For example: email:john@company.com and sip:john@company.com
DNS is the mechanism for determining the IP address, port and transport protocol of the host to which a SIP request is sent.
DNS provides two different record types that controls SIP requests: SRV and NAPTR. The SRV record allows DNS administrators to use several servers for a single domain. The NAPTR record is a way for the called domain to specify which protocol it prefers a SIP request to use.
The usage of NAPTR and SRV for SIP is specified in RFC3263.
(Information for DNS administrators.)
The SRV records have a format which follows the following convention:
“_service._protocol.name TTL Class RecordType Priority Weight Port Target”
Example:
“_sip._udp.company.com 432000 IN SRV 10 10 5060 sip.company.com”
Service: _sip | The service is SIP. Can also be _sips for TLS encrypted communication. |
Protocol: _udp | The protocol is UDP. Other values: _tcp or _sctp. |
Name: | |
Cache lifetime 43200 | 43,200 seconds = 12 hours. |
Class IN | The class is always IN. |
Record type SRV | The record type is SRV. |
Priority 10 | When multiple SRV records are used the priority determines the proxy query order. Lower values are queried first. |
Weight 10 | When multiple SRV records are used the weight determines proportionally how often a proxy is queried. Higher values are queried more often. 20 = queried twice as often as 10. 30 = queried three times as often as 10. |
Port 5060 | The default SIP port is 5060. |
Target sip.company.com | The domain name of the proxy server is sip.company.com |
The SRV records are specified in RFC2782.
(Information for DNS administrators.)
The NAPTR records have a format which follows the following convention:
“Order Preference Flags Services Regexp Replacement”
Examples:
company.com. 2508 IN NAPTR 20 50 “S” “SIP+D2T” ”” _sip._tcp.company.com.
company.com. 2508 IN NAPTR 30 50 “S” “SIP+D2U” ”” _sip._udp.company.com.
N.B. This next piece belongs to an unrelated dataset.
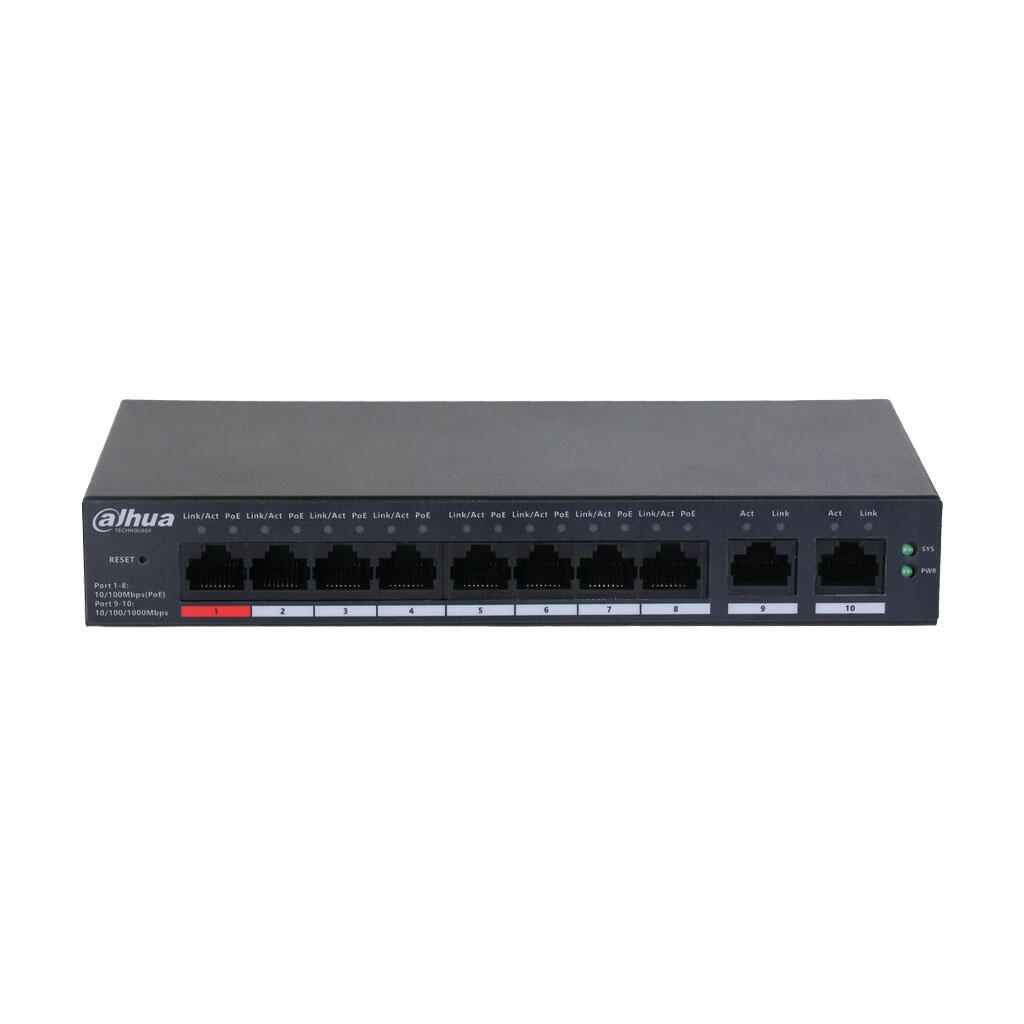 DH-CS4010-8ET2GT-110. Switch Cloud Dahua 8 Puertos Poe 110W 100Mbps 2x1Gbps Uplink Desktop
Order: 20 | The order in which the NAPTR records must be processed. |
Preference: 50 | Specifies the order in which NAPTR records with equal Order values should be processed. |
Flags: “S” | The flags control aspects of the rewriting and interpretation of the fields in the record. |
Services: “SIP+D2T” | This specifies the Service Parameters applicable to this delegation path. |
Regexp: “” | This contains a substitution expression that is applied to the original string held by the client in order to construct the next domain name to lookup. |
Replacement: _sip._tcp.company.com | This is the next domain-name to query for depending on the potential values found in the flags field. |
The NAPTR records are specified in RFC3403.